• [What you are asked to do]
Please give the lines below again exactly as they stand, from the one that contains "6oz 10oz 12oz" up to and including the one that contains "Giovane medico in", leaving all pictures out.

• [Provided records]
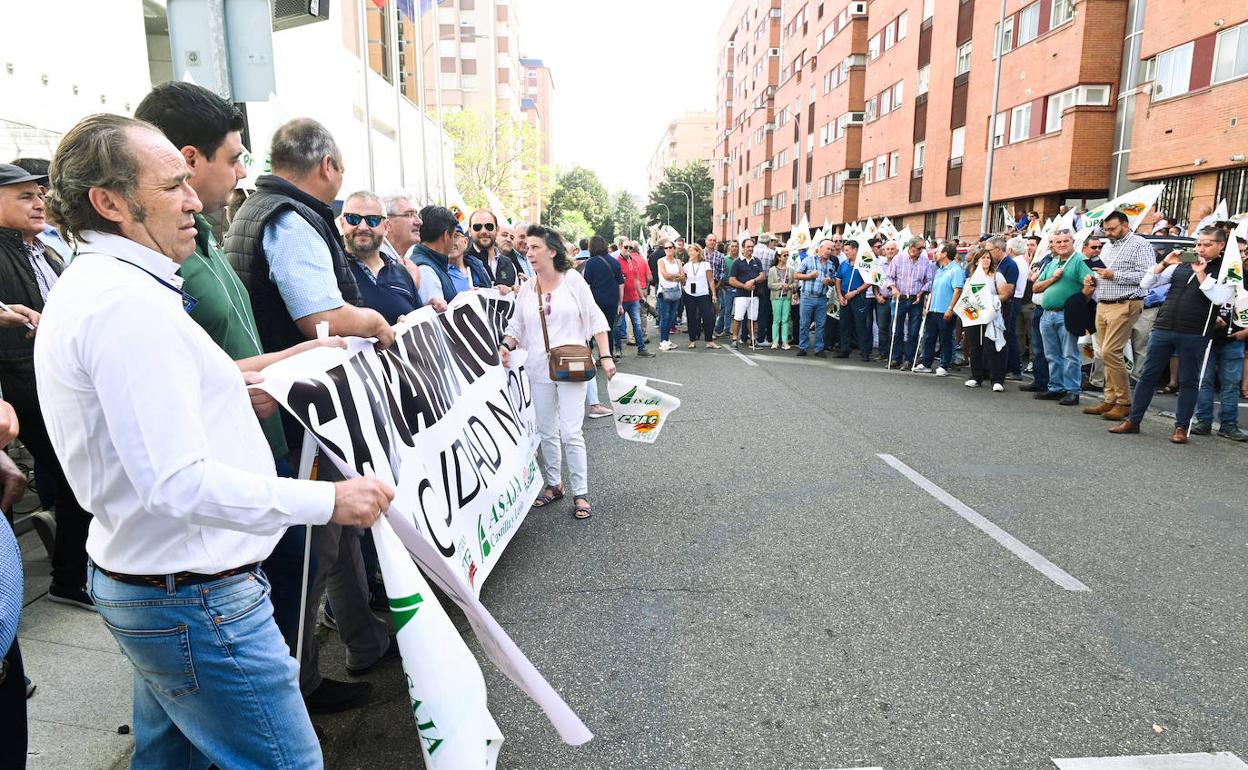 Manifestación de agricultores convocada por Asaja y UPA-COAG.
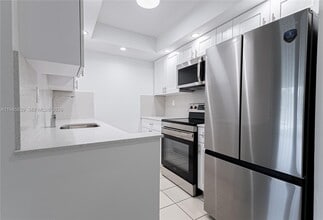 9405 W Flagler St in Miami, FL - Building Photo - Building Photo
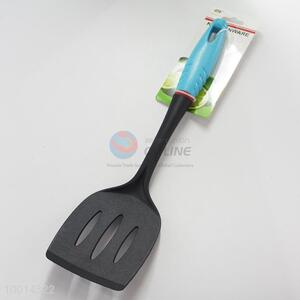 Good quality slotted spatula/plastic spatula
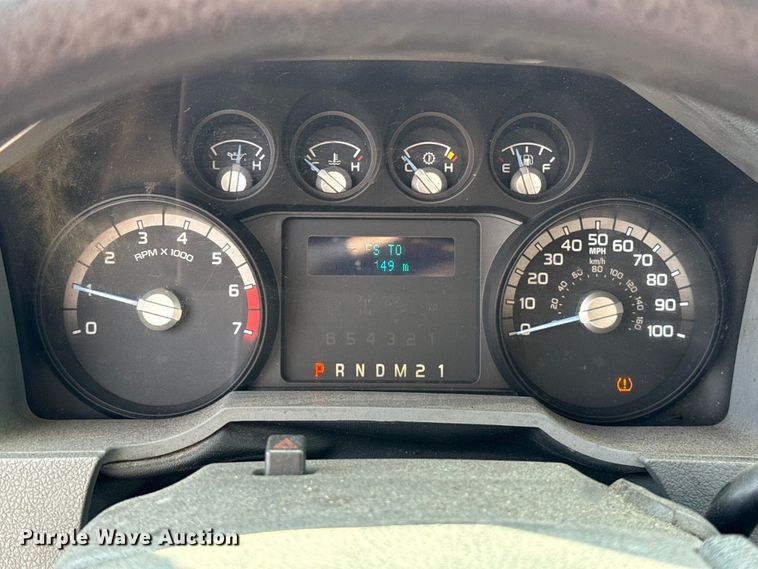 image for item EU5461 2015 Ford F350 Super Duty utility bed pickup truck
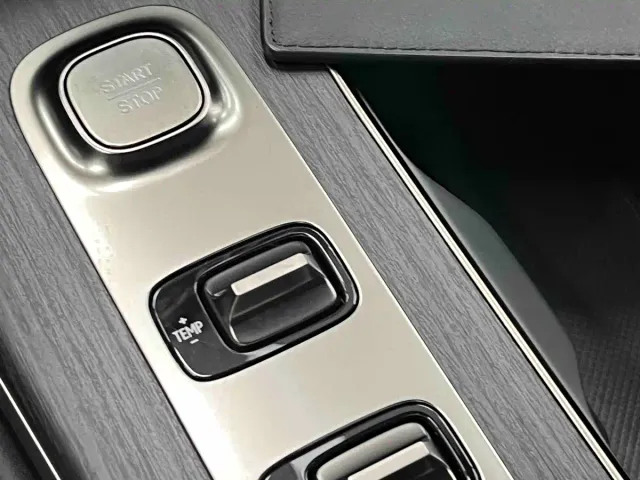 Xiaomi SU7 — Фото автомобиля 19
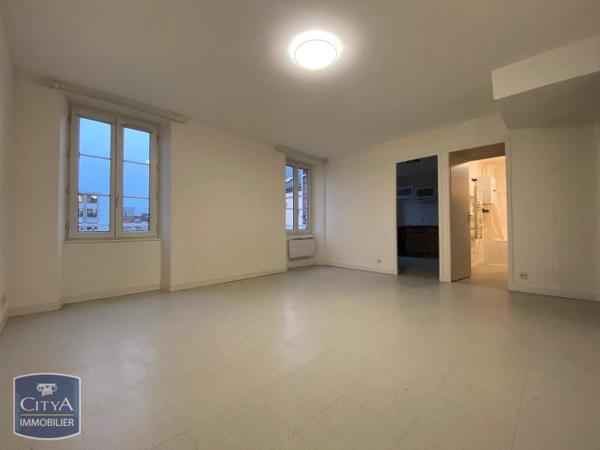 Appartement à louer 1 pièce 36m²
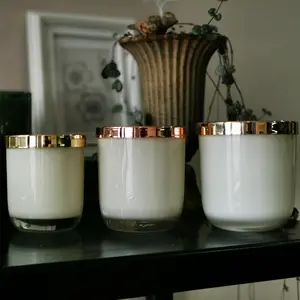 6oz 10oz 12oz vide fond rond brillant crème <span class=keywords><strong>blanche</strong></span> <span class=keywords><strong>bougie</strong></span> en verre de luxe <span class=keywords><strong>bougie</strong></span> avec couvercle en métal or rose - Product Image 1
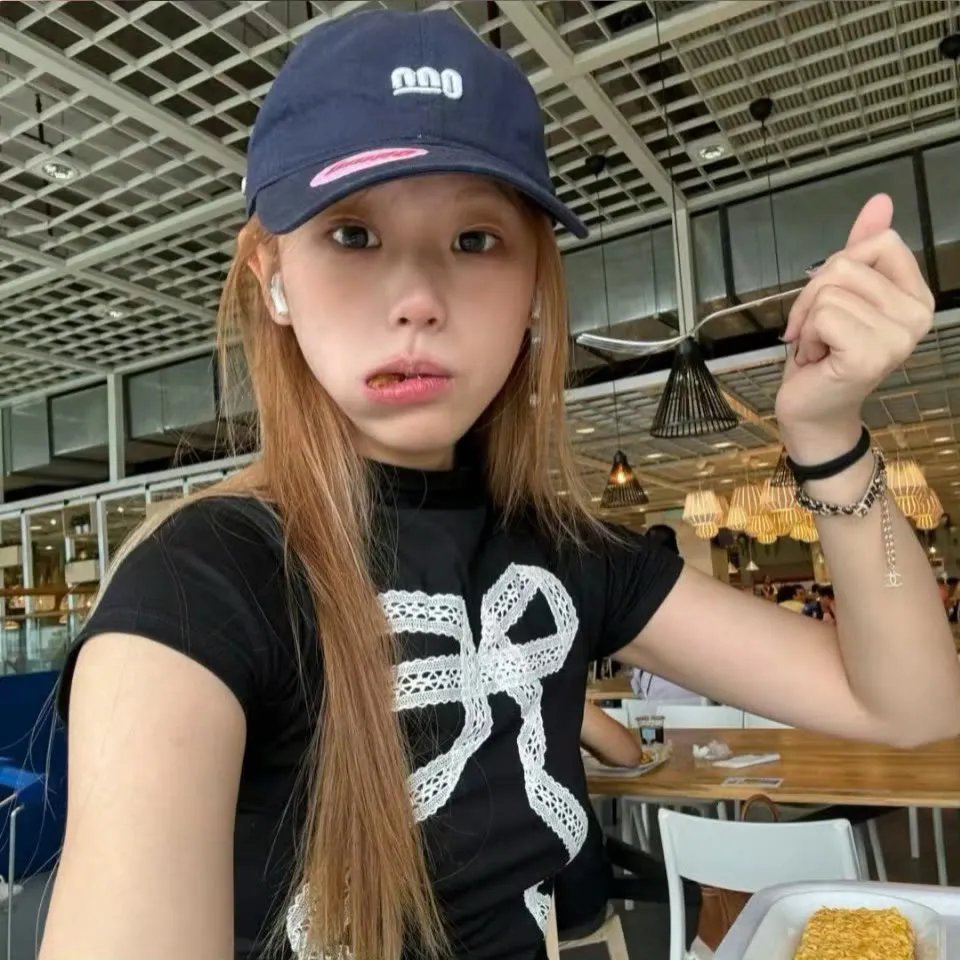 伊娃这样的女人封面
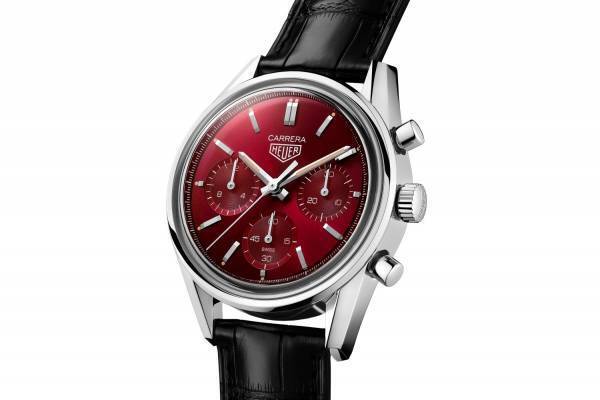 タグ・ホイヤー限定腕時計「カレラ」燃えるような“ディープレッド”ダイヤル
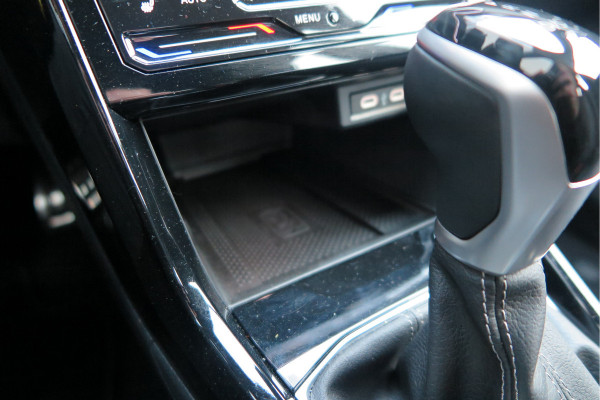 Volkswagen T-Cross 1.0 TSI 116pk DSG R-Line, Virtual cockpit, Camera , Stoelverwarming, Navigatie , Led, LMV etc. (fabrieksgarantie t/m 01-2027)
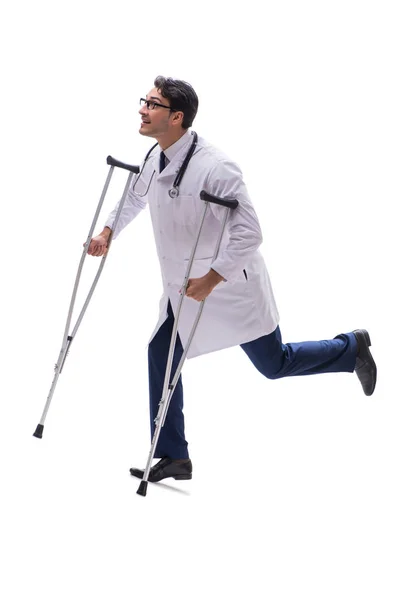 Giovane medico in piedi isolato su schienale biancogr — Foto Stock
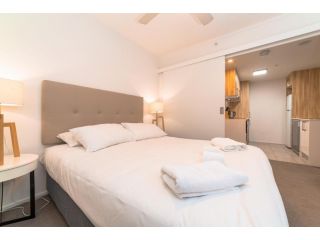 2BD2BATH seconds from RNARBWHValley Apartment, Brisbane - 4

---

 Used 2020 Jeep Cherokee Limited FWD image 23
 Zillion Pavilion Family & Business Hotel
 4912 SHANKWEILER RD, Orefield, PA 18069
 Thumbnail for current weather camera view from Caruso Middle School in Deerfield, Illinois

• [Answer for this exercise]
 6oz 10oz 12oz vide fond rond brillant crème <span class=keywords><strong>blanche</strong></span> <span class=keywords><strong>bougie</strong></span> en verre de luxe <span class=keywords><strong>bougie</strong></span> avec couvercle en métal or rose - Product Image 1
 伊娃这样的女人封面
 タグ・ホイヤー限定腕時計「カレラ」燃えるような“ディープレッド”ダイヤル
 Volkswagen T-Cross 1.0 TSI 116pk DSG R-Line, Virtual cockpit, Camera , Stoelverwarming, Navigatie , Led, LMV etc. (fabrieksgarantie t/m 01-2027)
 Giovane medico in piedi isolato su schienale biancogr — Foto Stock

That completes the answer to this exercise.